Management is an Art and a Science. Management is here and now as well as the future. Management is people, places, and products (outcomes). Management is time, money, and returns. Management is defining, applying, and achieving, Management is a beginning, a path, and a destination. Management is the thing that all parties affected by Management at any moment in time think it is. Therefore, Management is many things to many people.

To understand Management, note that the word “define” is not used, find the qualities that all parties affected by Management can agree on. This exercise suggests that any understanding of Management will change based on the input of those affected, which is true, but makes understanding Management a never-ending task. To provide an end and achieve consensus, consider Management as a painting. Everyone viewing a painting may see the image differently, focus on particular parts of the image, note the technical detail, examine the materials used, and even declare the thing is upside down. However, the viewers, all the parties affected, will agree that the painting is indeed a painting. Framing Management so that all parties can agree provides a sufficient ending to the statement Management is…

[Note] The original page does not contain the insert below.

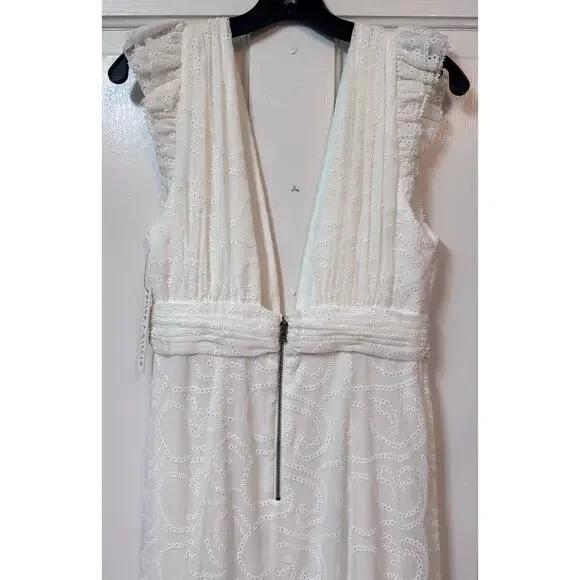 NWT Alice & Olivia White V Neck Eyelet Lace Vanna Maxi Dress Size 6 - Picture 13 of 16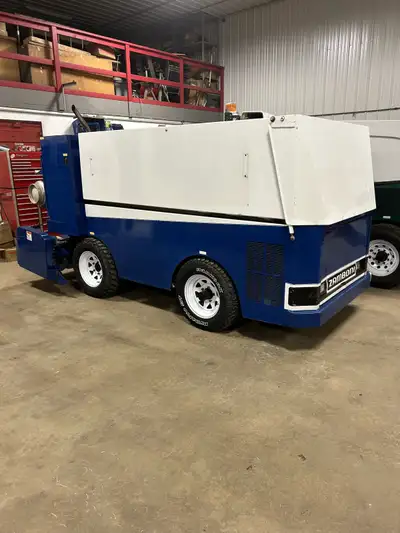 Zamboni 445, View more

Drawing from the collection of Management statements above, an agreeable understanding of Management might include art and science, a time component (now and future), resources (people, places), goals (defining, achieving), and movement or change (beginning, destination). A logical order to this understanding might read; Management is the art and science of connecting resources and goals through time to create change.

This open Management frame provides sufficient boundaries while leaving room for interpretation and varied applications. Perhaps more importantly this frame does not make Management the focus, rather, what Management does remains the focus. This matters because any valid Management definition, understanding, or frame makes Management transparent to demonstrate that Management is… many things; however, Management is never an end.